Its foundation seems to date back to 1575-80.  The structure, made up of the church and convent, was very modest at the beginning and was dedicated to Our Lady of the Cross. It was gradually expanded thanks to the generosity of Baron Pompeo Tabassi, using materials taken from the nearby ruined church of San Pietro Terrazzano. It seems that the new title of Incoronata is attributable to the special devotion that shepherds on the Transhumance from Abruzzo to Puglia felt towards the Virgin, after her noted appearance  in Foggia in the year 1001.

Due to its isolation and excessive distance from the city centre, and to continuing acts of banditry, the Capuchin Fathers were forced in 1658 to move permanently to a more secure site - put at their disposal by the noble Sardi family - outside Porta Pacentrana, where today the church of San Giovanni Evangelista stands.  The monastery was sold into private hands.

Following the earthquake that struck the city in 1706, the church was almost completely destroyed and was rebuilt in 1718 at the expense of the owners - the barons Mazzara - and radically transformed until it assumed its present appearance of a Greek cross.

The sacred building is still a pilgrimage site and the Madonna Incoronata is an object of devotion, as witnessed by the numerous votives on display inside.


The façade of the church is very simple with a horizontal crowning. The middle section is characterised at the bottom, by the presence of simple door with a moulded horizontal crowning, over which the twisted oval shield of the Mazzara family coat of arms is positioned. Two small stone tile windows with moulded frames provide light inside the church together with a rectangular window above. On the right-hand side of the church is the former convent building with a short porch consisting of two segmented arches.


The interior of the church, as well as the exterior elevation, has no particular artisitc value, in common with other simple rural churches.
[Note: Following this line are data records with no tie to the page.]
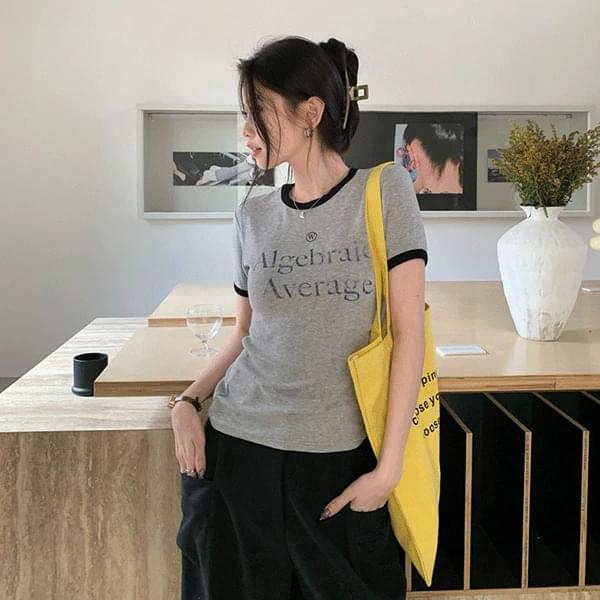 Gelby color blocking lettering short sleeve t-shirt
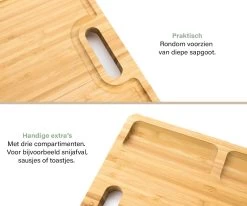 Budu Snijplank Bamboe XL - Snijplank Hout - Borrelplank - Broodplank - Tapasplank - Serveerplank - Houten Snijplanken - Snijplank Cadeau - 30 X 40cm -Keukenbarbecue 1200x1000 17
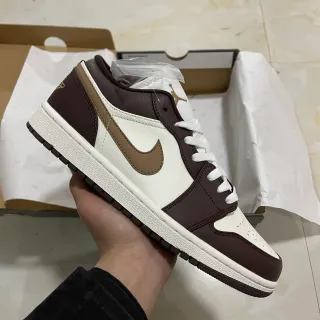 Nike Air Jordan 1 Low White Brown Tan Lifestyle Sneakers
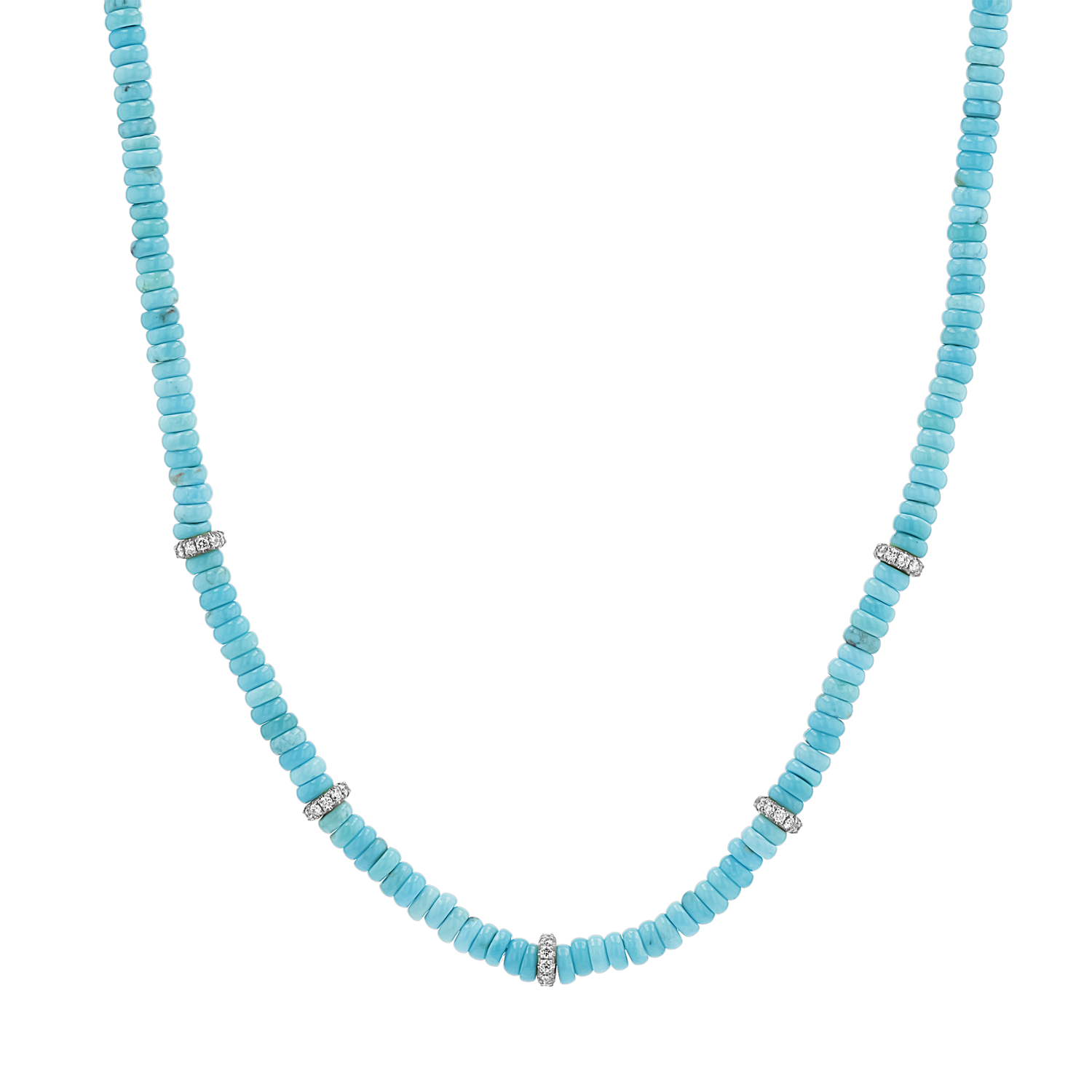 Turquoise Diamond Bead Necklace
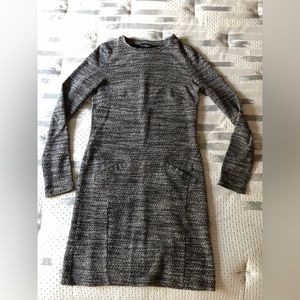 Long tall sally size 6 tweed dress sheath fitted lined gray white pattern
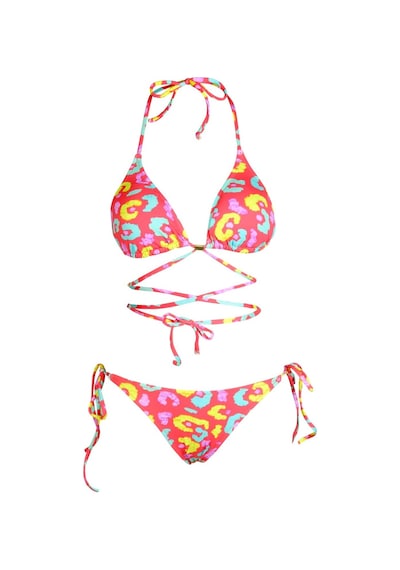 Endeep Beria Kadın Çapraz Bağlama Detaylı Üçgen İpli Pembe Desenli Bikini Takımı-sarı-pembe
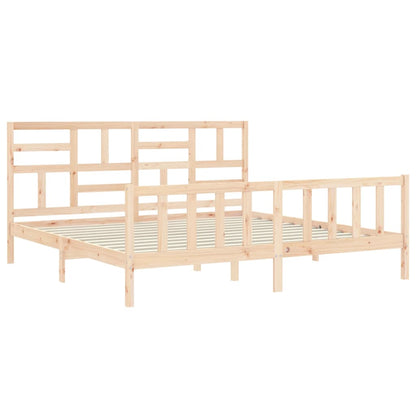 Massivholzbett mit Kopfteil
The floor plan is a Greek cross with a domed roof and cylindrical lantern. Four of the corner plumes are painted with many Mazzara family crests. A fifth features a stucco figure in the centre of the front of the main altar, on which there is an oil painting on canvas by an unknown artist (from the 17th to the 18th centuries) with the Crowned Virgin enthroned between the branches of an oak tree, a memory of the apparition of the Virgin to the Count of Guevara in the woods in Cervaro Puglia. The iconography of the Sulmona picture differs from the Foggia prototype in several elements. These include the presence, at the foot of the oak, of two sisters in adoration, identified as the blessed Alexandrina and Gemma de Letto, who lived in the late 14th century and the first half the 15th century. It is a later addition that recalls the former ownership of the church by the de Letto family who donated it to the Mazzara family in 1709. Three other paintings by an unknown artist of the 19th century - placed on the side altars - and a plaque commemorating the reconstruction of the church at the expense of the barons Mazzara in 1718, complete the interior design which includes numerous votives placed along the walls as its most characteristic feature.